What is expected:
The whole listing needs retyping exactly; keep the pictures out of it.

Stored data:
● ● ● ● ● ● ●
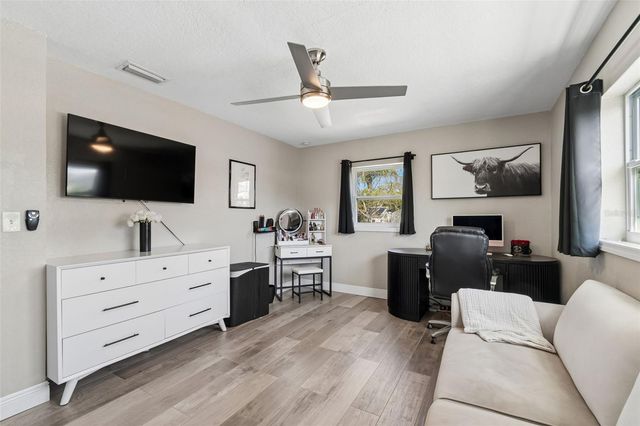 4611 W PAXTON AVENUE, Tampa, FL 33611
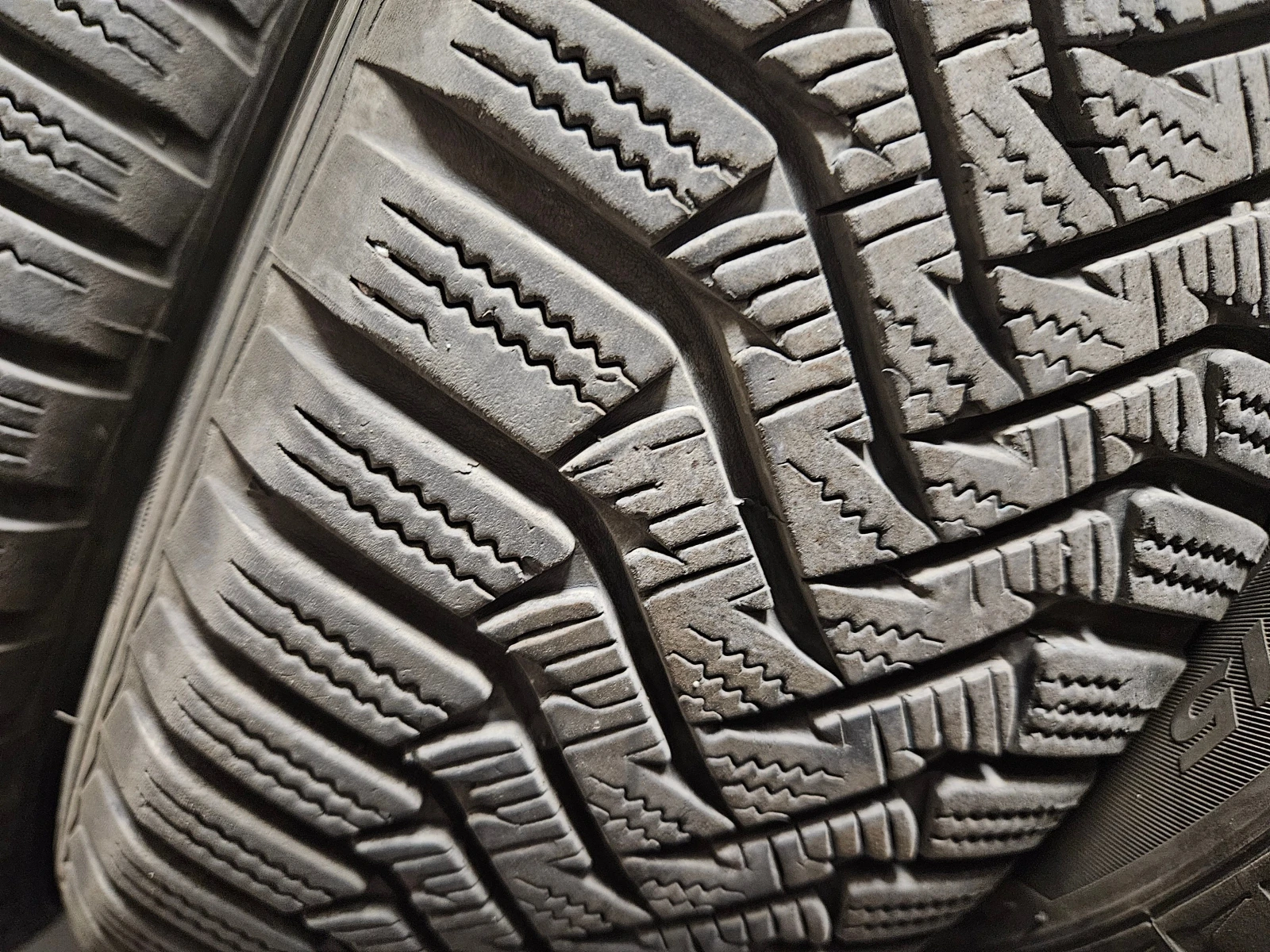 Гуми Зимни 185/65R15, снимка 2 - Гуми и джанти - 56718244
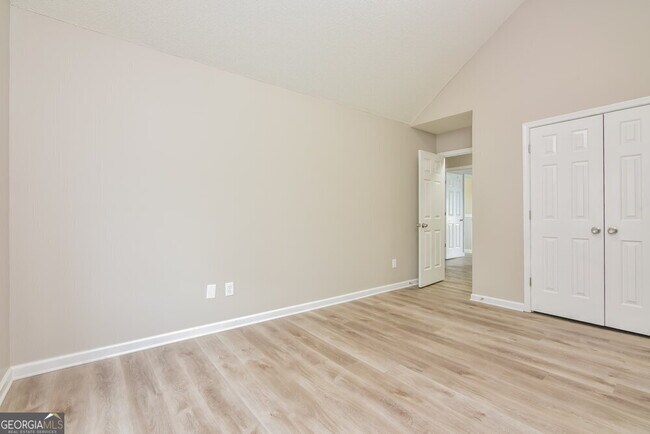 Building Photo - 3547 Spring Shoals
● ● ● ● ● ● ●
Answer to this problem:
 4611 W PAXTON AVENUE, Tampa, FL 33611
 Гуми Зимни 185/65R15, снимка 2 - Гуми и джанти - 56718244
 Building Photo - 3547 Spring Shoals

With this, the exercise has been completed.